Dal Minarai (見習い) al Misedashi (店出し)

La vita di una Geisha è segnata da alcuni passaggi e il primo si chiama Minarai (imparare osservando). Appreso per bene queste arti, entrerà nella fase Minarai della durata di circa un mese, dove l’apprendista Maiko può accedere agli Zashiki (座敷) per capire l’arte della conversazione e il modo corretto di servire i clienti. Il viso verrà truccato con la cipria bianca chiamata ShironuriAppena avrà acquisito le competenze necessarie e il giorno prima di fare il Misedashi (店出し), il debutto come Maiko, dovrà fare la “cerimonia di sorellanza” con una Maiko già esperta, il sopraccitato San San Ku Do (三々九度 )A questo punto è pronta per debuttare. Il Misedashi consiste in questo: dovrà recarsi in ogni singola Okiya e Ochaya del suo Hanamachi (花街) insieme all’Okasan (お母さん), presentandosi come nuova Maiko per chiedere di essere gentili con lei. L’Okasan si farà carico delle spese necessarie per il suo debutto, come quello di acquistare i kimono e tutto il necessario per le sue serate come Maiko.
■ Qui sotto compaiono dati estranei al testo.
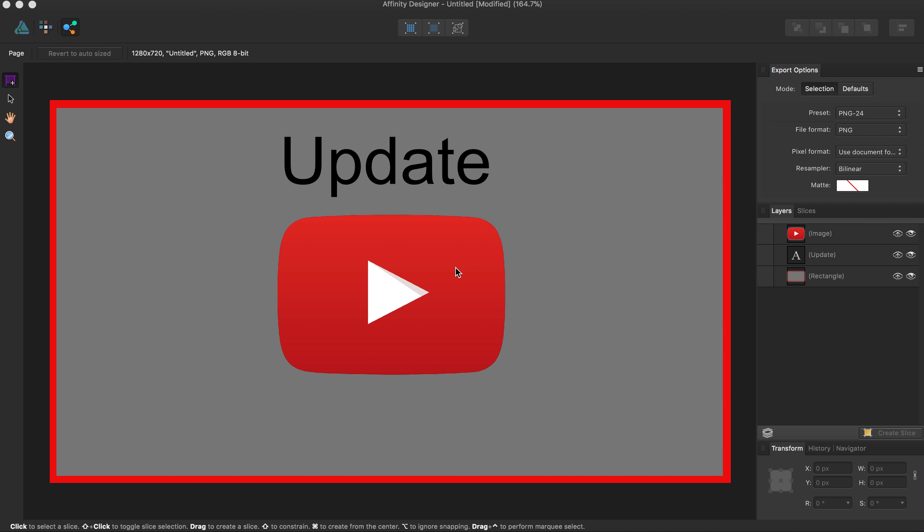Hey guys, AMP here bringing you another Affinity Designer tutorial. In this tutorial we'll be going over the Export Options panel.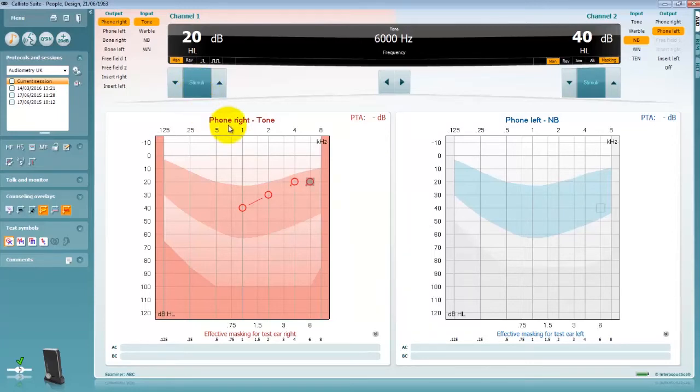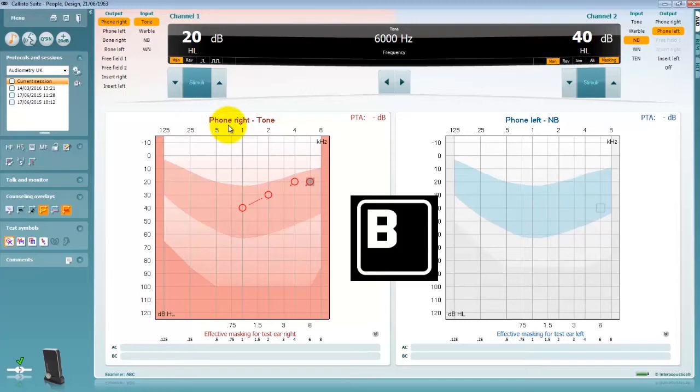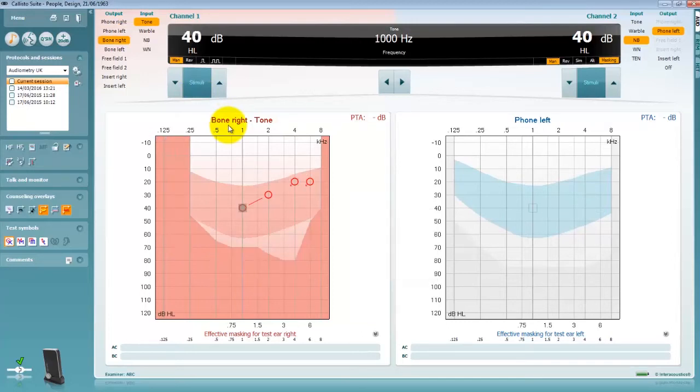To begin performing bone conduction testing you can press the B shortcut key to change to the bone transducer or click on the BC transducer from your output list.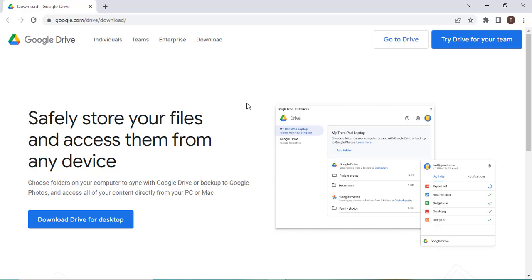In this video we are going to look at how to add Google Drive to File Explorer in Windows 10 or 11.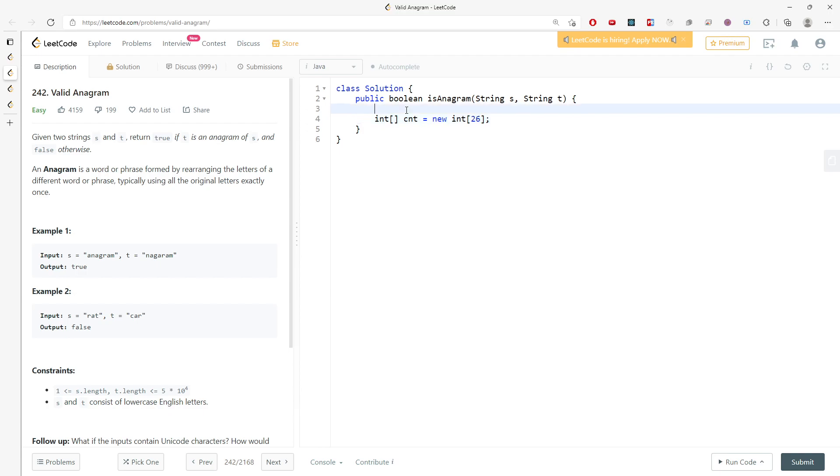I also have to check the length of s and t. If the lengths are not equal, they are definitely not anagrams. So if s.length is not equal to t.length, I will just return false right away.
In passato, fin da quando una Maiko veniva adottata dall’Okiya, l’Okasan prendeva scrupolosamente nota di tutte le spese sostenute per il suo mantenimento e per l’istruzione e quindi anche delle spese per il Misedashi. Diventava una Geisha verso i 14 anni con due riti molto importanti, il Mizuage (lett. sollevare le acque, in pratica la perdita della verginità) e l’Erikae (cambio del collare). 

Il Mizuage (水揚げ)

Una Maiko era e doveva assolutamente restare vergine fino alla fine del suo apprendistato in attesa che un “defloratore” si offrisse per il suo Mizuage. Era obbligatorio e ogni singola Geisha (fino al 1958, quando la prostituzione fu abolita insieme a questo rituale) ha dovuto affrontarlo. Segnava il suo passaggio all'età adulta, anche dal punto di vista sessuale. Essendo le Maiko indebitate con l’Okasan fin dal loro ingresso nell’Okiya, il Mizuage era un’occasione per ridurre di molto il loro debito. 
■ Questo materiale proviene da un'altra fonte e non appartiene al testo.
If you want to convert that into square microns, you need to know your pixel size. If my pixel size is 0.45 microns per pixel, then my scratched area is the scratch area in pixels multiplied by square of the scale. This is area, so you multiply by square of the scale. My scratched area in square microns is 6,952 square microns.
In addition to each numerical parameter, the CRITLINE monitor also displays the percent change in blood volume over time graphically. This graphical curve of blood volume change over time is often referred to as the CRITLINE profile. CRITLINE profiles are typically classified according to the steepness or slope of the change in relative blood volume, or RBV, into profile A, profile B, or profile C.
Appena ci si avvicinava all'età fatidica, i vari clienti cominciavano a farsi avanti per avere il privilegio di “far diventare una donna” la futura Geisha. Era una specie di asta e la Okasan doveva valutare, oltre alla cifra più alta, anche il prestigio sociale del pretendente, che di solito era un uomo di mezza età. Se una giovane non riceveva proposte e arrivava a 15 anni senza avere affrontato il Mizuage, avrebbe vissuto l’imbarazzo di sentirsi addosso gli sguardi di tutto l’Hanamachi, come se avesse qualcosa di strano per il quale non riusciva a trovare nessun pretendente. In questo caso intervenivano i “defloratori di professione”, uomini noti nella comunità come amanti delle Maiko ma non così ricchi da poter ambire al Mizuage di una Maiko di successo. Venivano contattati dalle Okasan per evitare che la propria protetta venisse a lungo derisa dalle colleghe e, visto che l’Hanamachi è una realtà estremamente piccola ed essendo una Maiko riconoscibile da molti aspetti del suo abbigliamento, una 15enne vestita e acconciata ancora da apprendista, non passava certo inosservata. 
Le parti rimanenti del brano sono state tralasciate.